Voici alors le troisième verbe : après prier et agir, marcher. Ici, au cours des décennies, les communautés chrétiennes se sont fortement engagées dans la promotion de chemins de réconciliation. Je voudrais vous remercier pour ce témoignage lumineux de foi, né de la reconnaissance, non seulement en paroles mais dans les faits, qu’avant les divisions historiques existe une réalité immuable : nous sommes chrétiens, nous sommes du Christ. Il est beau que, au milieu de tant de conflits, l’appartenance chrétienne n’a jamais détruit la population, mais a été, et est encore, facteur d’unité. L’héritage œcuménique du Soudan du Sud est un trésor précieux, une louange au nom de Jésus, un acte d’amour à l’Église son épouse, un exemple universel pour le chemin d’unité des chrétiens. C’est un héritage qui doit être conservé dans le même esprit : les divisions ecclésiales des siècles passés ne doivent pas se répercuter pas sur ceux qui sont évangélisés, mais la semence de l’Évangile doit contribuer à répandre une plus grande unité. Que le tribalisme et le sectarisme qui alimentent les violences dans le pays n’affectent pas les relations interconfessionnelles ; au contraire, que le témoignage d’unité des croyants se reverse sur le peuple.

En ce sens, pour finir, je voudrais suggérer deux mots-clés pour la suite de notre cheminement : mémoire et engagement. Mémoire : les pas que vous faites suivent les traces de vos prédécesseurs. N’ayez pas peur de ne pas en être à la hauteur, sentez-vous au contraire poussés par ceux qui vous ont préparé la route. Comme dans un relais, prenez le témoin pour hâter la réalisation de l’objectif d’une communion pleine et visible. Et ensuite engagement : on marche vers l’unité quand l’amour est concret, quand on secourt ensemble ceux qui sont en marge, ceux qui sont blessés et rejetés. Vous le faites déjà dans de nombreux domaines, je pense en particulier à la santé, à l’instruction, à la charité : que d’aides urgentes et indispensables vous apportez à la population ! Merci pour tout cela. Continuez ainsi : jamais concurrents, mais proches ; frères et sœurs qui, par leur compassion pour les souffrants, les préférés de Jésus, rendent gloire à Dieu et témoignent de la communion qu’Il aime.

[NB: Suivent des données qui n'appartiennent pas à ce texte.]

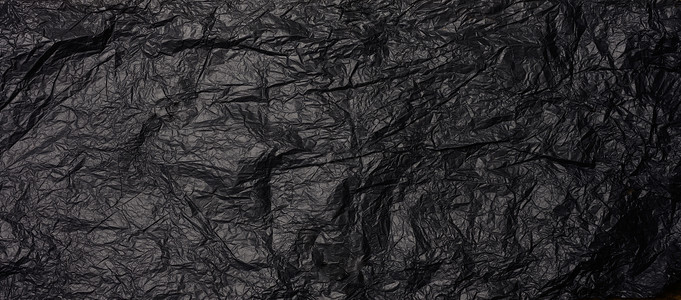 折叠黑纸抽象纹理背景横幅图片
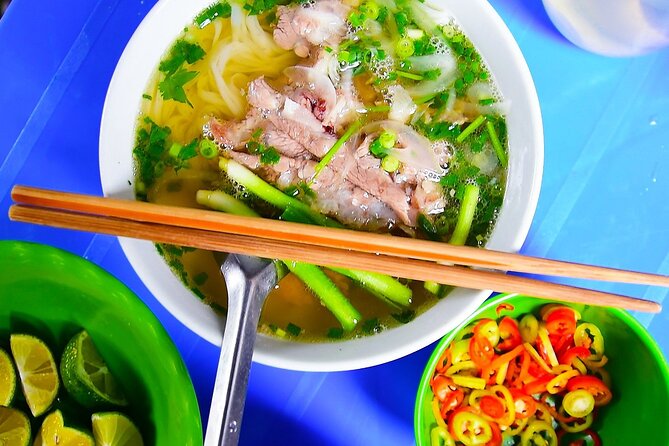 Hanoi street food tour (Private tour) - Dong Xuan Market shows Hanoi’s working side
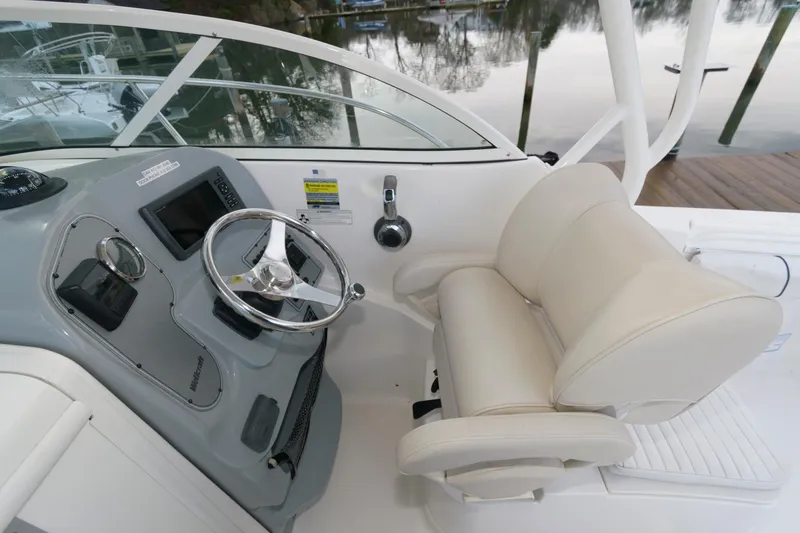 Slide: The Image of Helm station of 2016 Wellcraft 232 Coastal boat with steering wheel and captain's chair. - 6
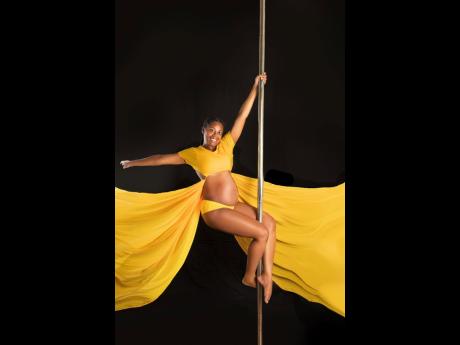 Poling pregnant, Instructor Christina Evans would teach alongside an assistant who demonstrated the moves that were difficult to execute.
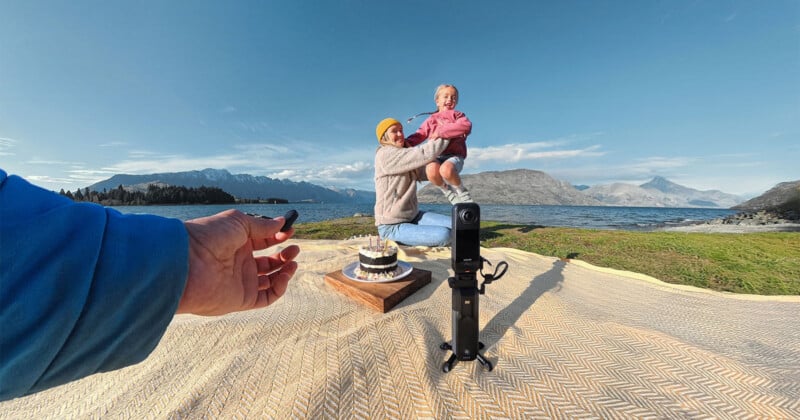 Un hombre sostiene a un niño sonriente sobre una manta de picnic cerca de un lago con montañas al fondo. Sobre la manta hay una tarta y en el otro lado un mando a distancia, cerca de la cámara montada sobre un trípode. La escena era luminosa y alegre.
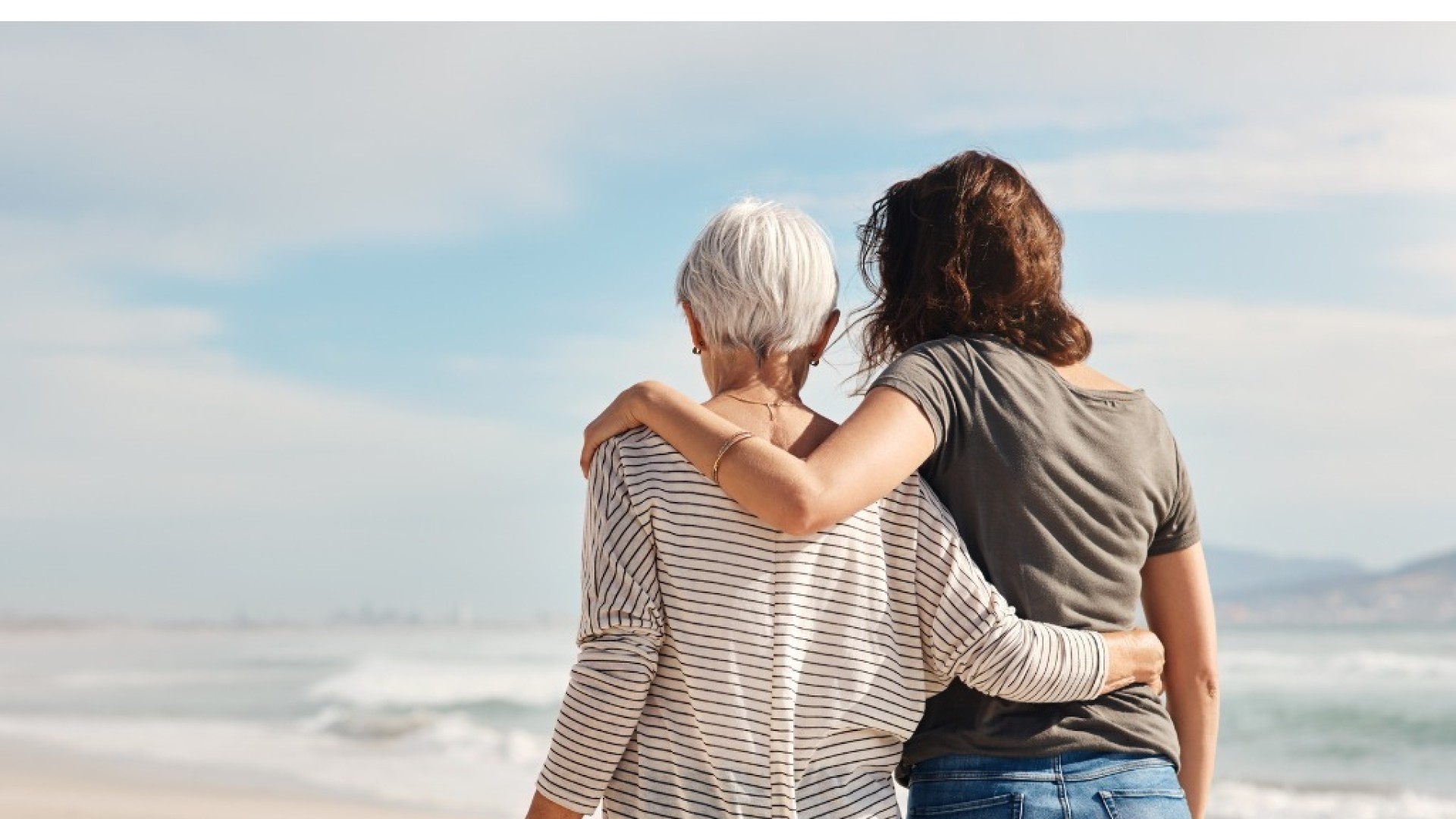 Vrouw omhelst oudere vrouw terwijl ze samen naar de zee kijken.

Très chers amis, mes frères et moi nous sommes venus en pèlerins parmi vous, Peuple saint de Dieu en marche. Même si nous sommes loin physiquement, nous serons toujours proches de vous. Repartons chaque jour de la prière les uns pour les autres et avec les autres, en œuvrant ensemble comme témoins et médiateurs de la paix de Jésus, en marchant sur la même route, en faisant des pas concrets de charité et d’unité. En tout, aimons-nous intensément, et de tout cœur (cf. 1 P 1, 22).